Moody’s cut Nokia’s long-term credit rating to Baa3, one level above speculative grade, sending the already battered shares to a historic low of 2.948 euros. Standard & Poor’s announced a similar downgrade in March.
The shares have been on a declining trend since a profit warning last Wednesday, and they broke through the technical and psychological barrier of 3 euros earlier on Monday for the first time since 1997.
Nokia said last week that it would post losses for the first and second quarters.
“Moody’s believes that the structural challenges facing Nokia’s mobile phones segment may not be easy to address, such as the market share gains recorded by makers of very low-end phones or new phone promotions by Chinese carriers,” the U.S. ratings agency said.
Nokia quickly defended its financial position, saying it had gross cash balances of 9.8 billion euros ($12.8 billion) and a net cash position of 4.9 billion euros as of March 31.

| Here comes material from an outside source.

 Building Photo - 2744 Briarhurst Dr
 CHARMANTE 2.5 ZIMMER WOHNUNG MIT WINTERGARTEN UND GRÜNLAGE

“Nokia will continue to increase its focus on lowering the company’s cost structure, improving cash flow and maintaining a strong financial position,” Timo Ihamuotila, Nokia’s chief financial officer, said in a statement.
In the first quarter Nokia’s cash flow was 700 million euros negative.
In the second quarter, when losses from the phone business could widen, the firm is also due to pay out dividends of around 750 million.
Nokia is in the midst of a restructuring programme to cut annual costs at its phone unit by more than 1 billion euros, and is expected to unveil further cuts over coming months. The latest round of 4,000 job cuts was announced in February.
The once-dominant mobile phone maker lost the top spot in the lucrative smartphone market last year to Apple and phones running Google’s (GOOG.O) Android system. It also faces tough competition from nimble Asian competitors at the low end.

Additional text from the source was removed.